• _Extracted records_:

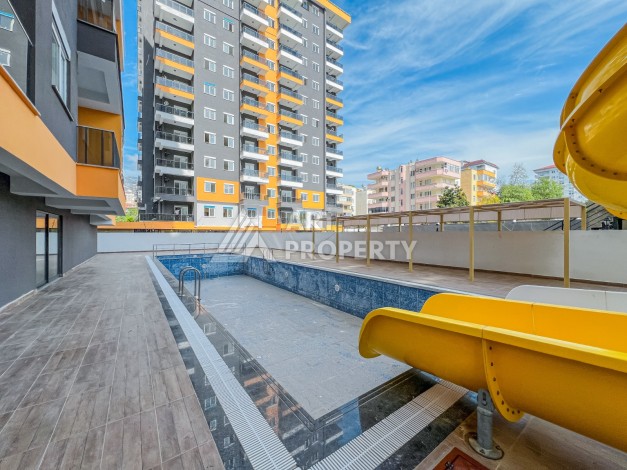 Квартира 2+1 с видом на море и крепость, 72 м2 в Махмутларе - Ракурс 3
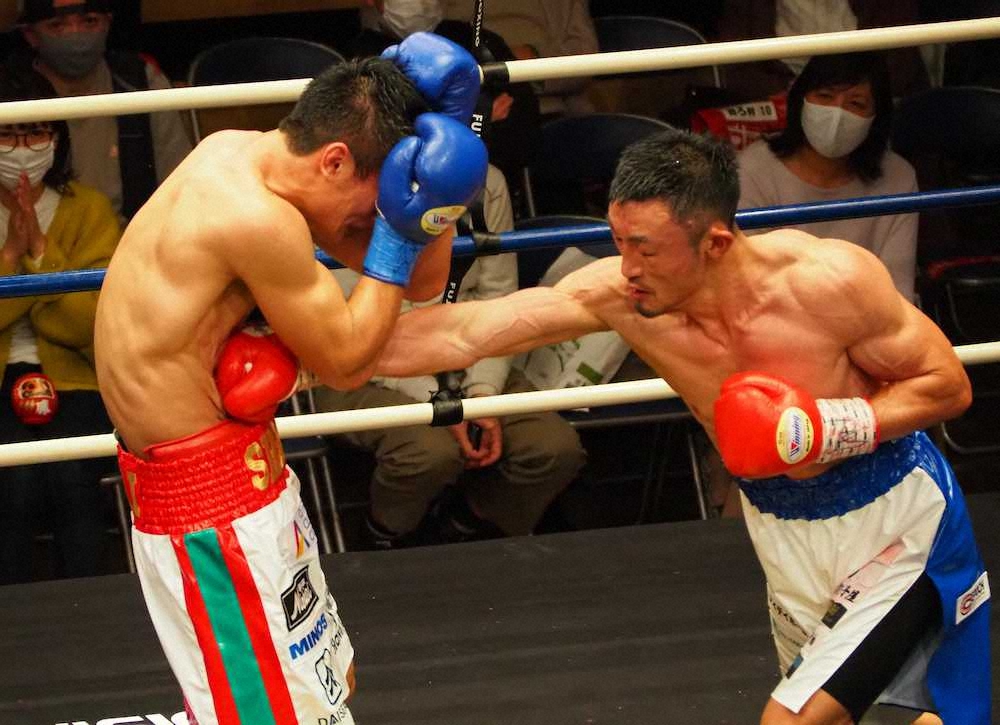 【画像・写真】小原佳太“パパ1勝”だ初防衛！昨年3月誕生、愛娘が「力をくれました」　僅差の3―0判定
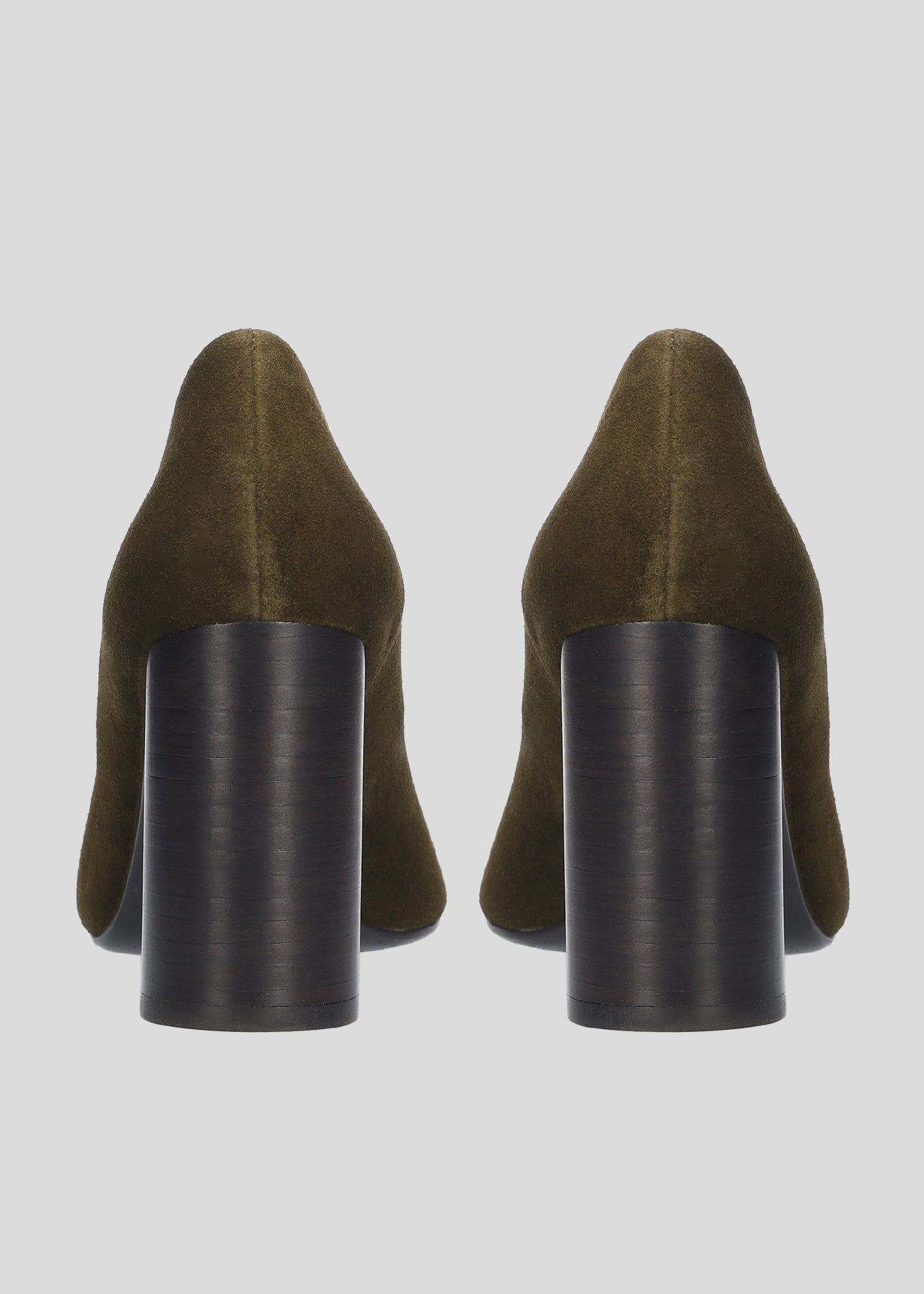 Vista lateral de los zapatos de salón de ante para mujer Belinda Pumps 85 en color Military con punta redonda y tacón tipo bloque de Lola Cruz.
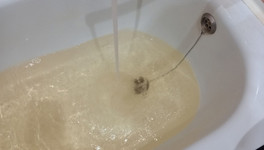 Ни власть, ни фильтры не помогают: село под Слободским пятый год пьет ржавую воду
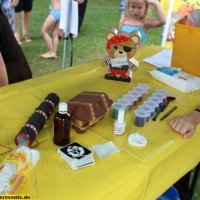 Strandbad Frankenthal, Glitzer Tattoos, Huepfburg (9).JPG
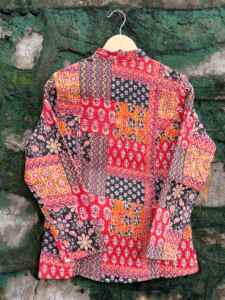 เสื้อแจ็คเก็ตผ้าควิลท์สีแดงสไตล์วินเทจสำหรับผู้หญิง ลายดอกไม้พิมพ์ลายโบโฮ เสื้อคลุมผ้าฝ้ายงานฝีมือ ขายส่ง - Product Image 2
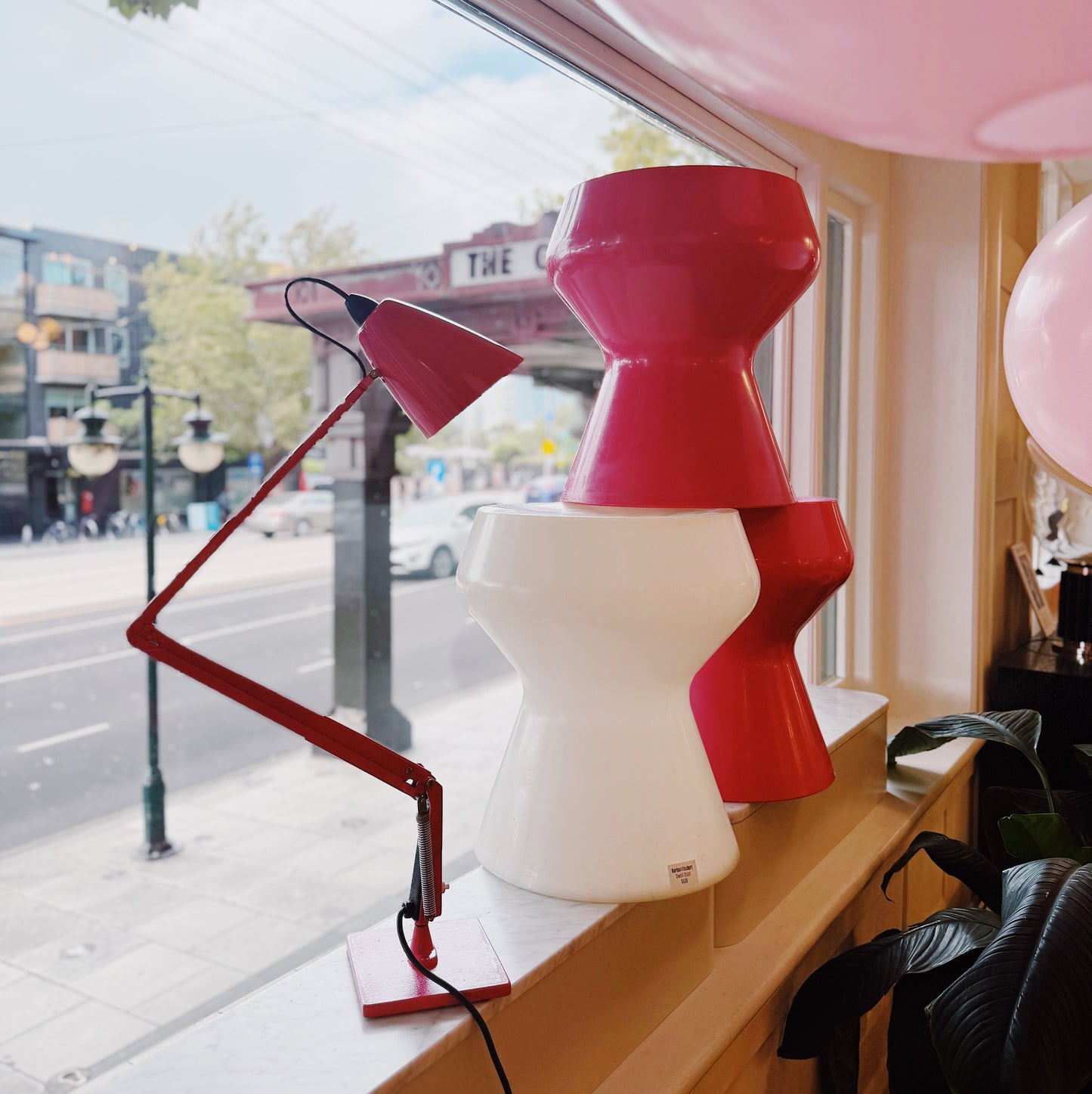 KORBAN/FLAUBERT / Swell Stool in Pink & White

• _WORK TO BE COMPLETED_: Please output every entry exactly as written, apart from the pictures.

• _ANSWER TO THIS TASK_:
 Квартира 2+1 с видом на море и крепость, 72 м2 в Махмутларе - Ракурс 3
 【画像・写真】小原佳太“パパ1勝”だ初防衛！昨年3月誕生、愛娘が「力をくれました」　僅差の3―0判定
 Vista lateral de los zapatos de salón de ante para mujer Belinda Pumps 85 en color Military con punta redonda y tacón tipo bloque de Lola Cruz.
 Ни власть, ни фильтры не помогают: село под Слободским пятый год пьет ржавую воду
 Strandbad Frankenthal, Glitzer Tattoos, Huepfburg (9).JPG
 เสื้อแจ็คเก็ตผ้าควิลท์สีแดงสไตล์วินเทจสำหรับผู้หญิง ลายดอกไม้พิมพ์ลายโบโฮ เสื้อคลุมผ้าฝ้ายงานฝีมือ ขายส่ง - Product Image 2
 KORBAN/FLAUBERT / Swell Stool in Pink & White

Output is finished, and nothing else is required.